Exercise objective
Could you restate all of the records below exactly, with the pictures left out?

Information provided
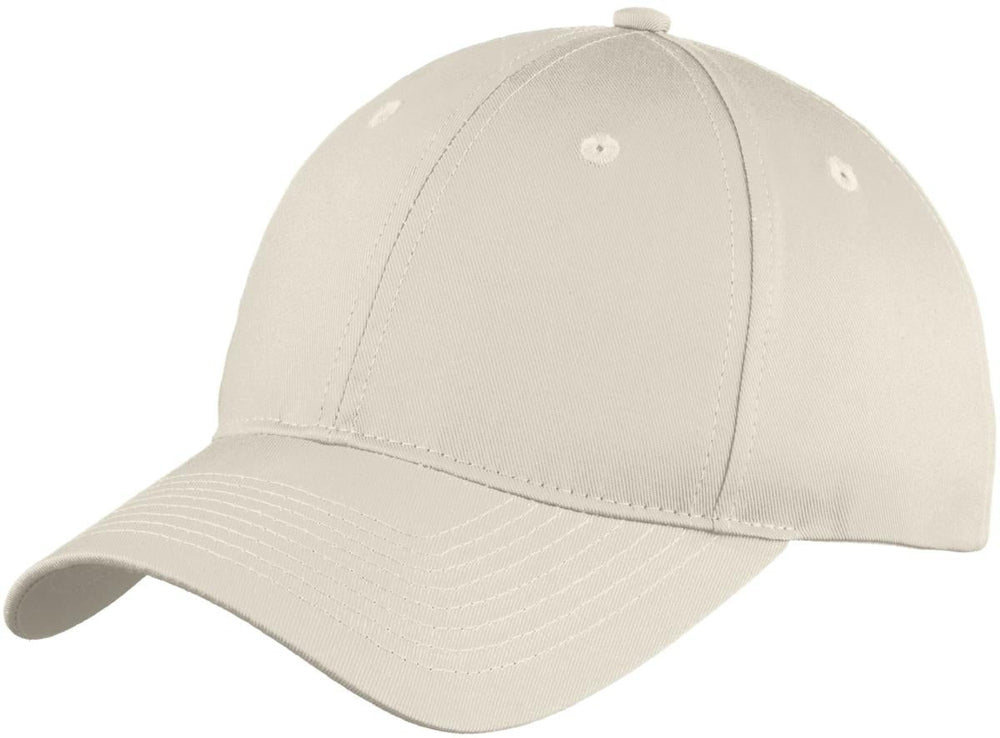 no-logo Port & Company Six-Panel Unstructured Twill Cap-Regular-Port & Company-Thread Logic 
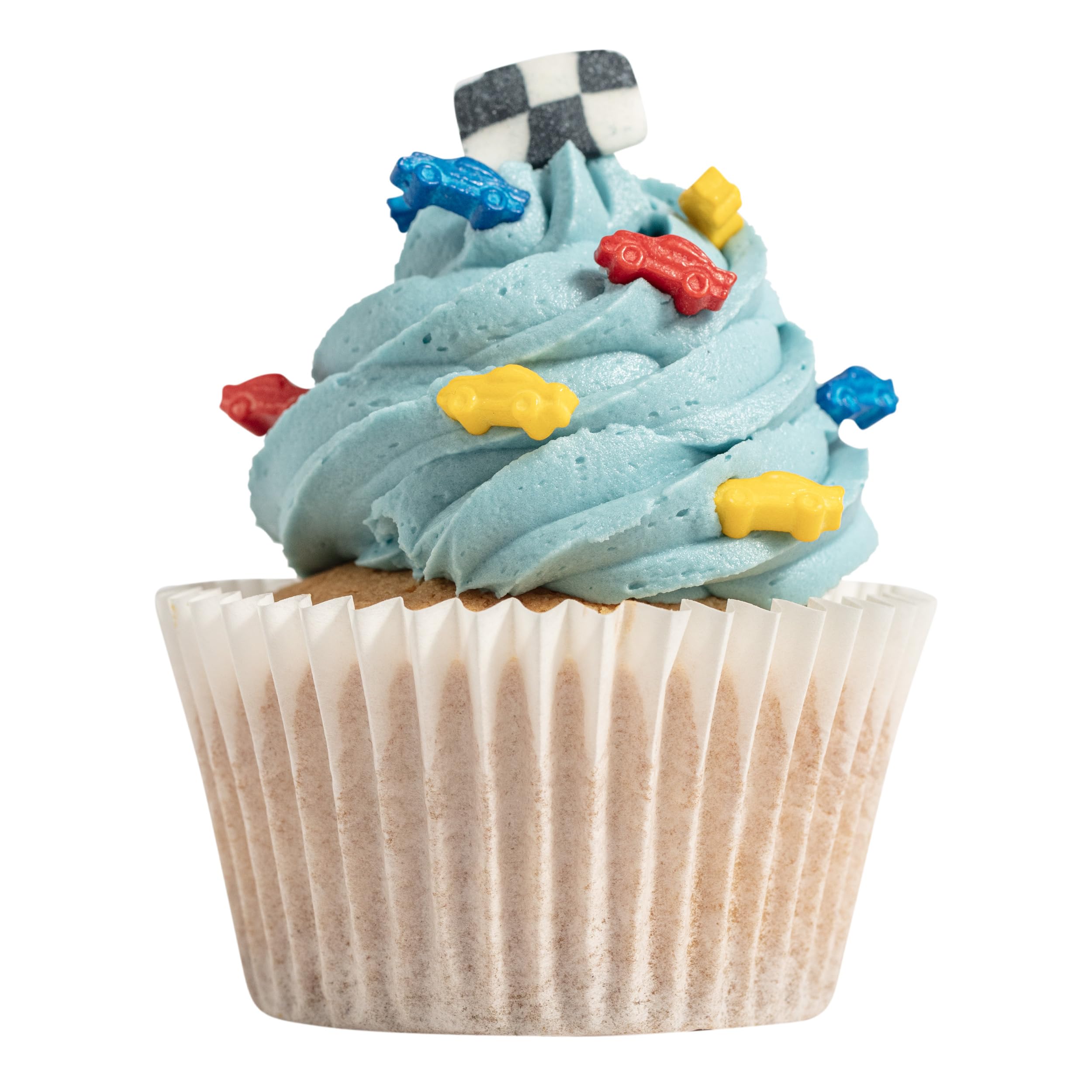 PME Cake Racing Cars Sprinkle Charms - Edible Decoration | 25g (0.9oz) 3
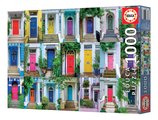 Puzzle Gates of Notting Hill Educa 1000 dielov a Fix lepidlo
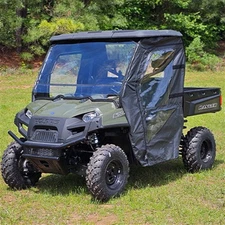 Soft Doors and Rear Window - Full Size Polaris Ranger XP 700, XP 800 52-10133-Z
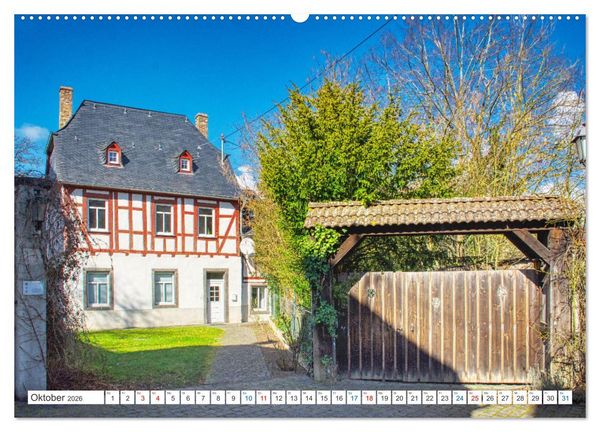 Produktbild: M&uuml;nstermaifeld - Stadt mit Herz und Geschichte (hochwertiger Premium Wandkalender 2026 DIN A2 quer), Kunstdruck in Hochglanz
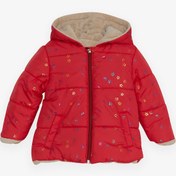 Resim Kız Bebek Mont Renkli Sim Desenli Narçiçeği (6 Ay-2 Yaş)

Finished task
 no-logo Port & Company Six-Panel Unstructured Twill Cap-Regular-Port & Company-Thread Logic 
 PME Cake Racing Cars Sprinkle Charms - Edible Decoration | 25g (0.9oz) 3
 Puzzle Gates of Notting Hill Educa 1000 dielov a Fix lepidlo
 Soft Doors and Rear Window - Full Size Polaris Ranger XP 700, XP 800 52-10133-Z
 Produktbild: M&uuml;nstermaifeld - Stadt mit Herz und Geschichte (hochwertiger Premium Wandkalender 2026 DIN A2 quer), Kunstdruck in Hochglanz
 Resim Kız Bebek Mont Renkli Sim Desenli Narçiçeği (6 Ay-2 Yaş)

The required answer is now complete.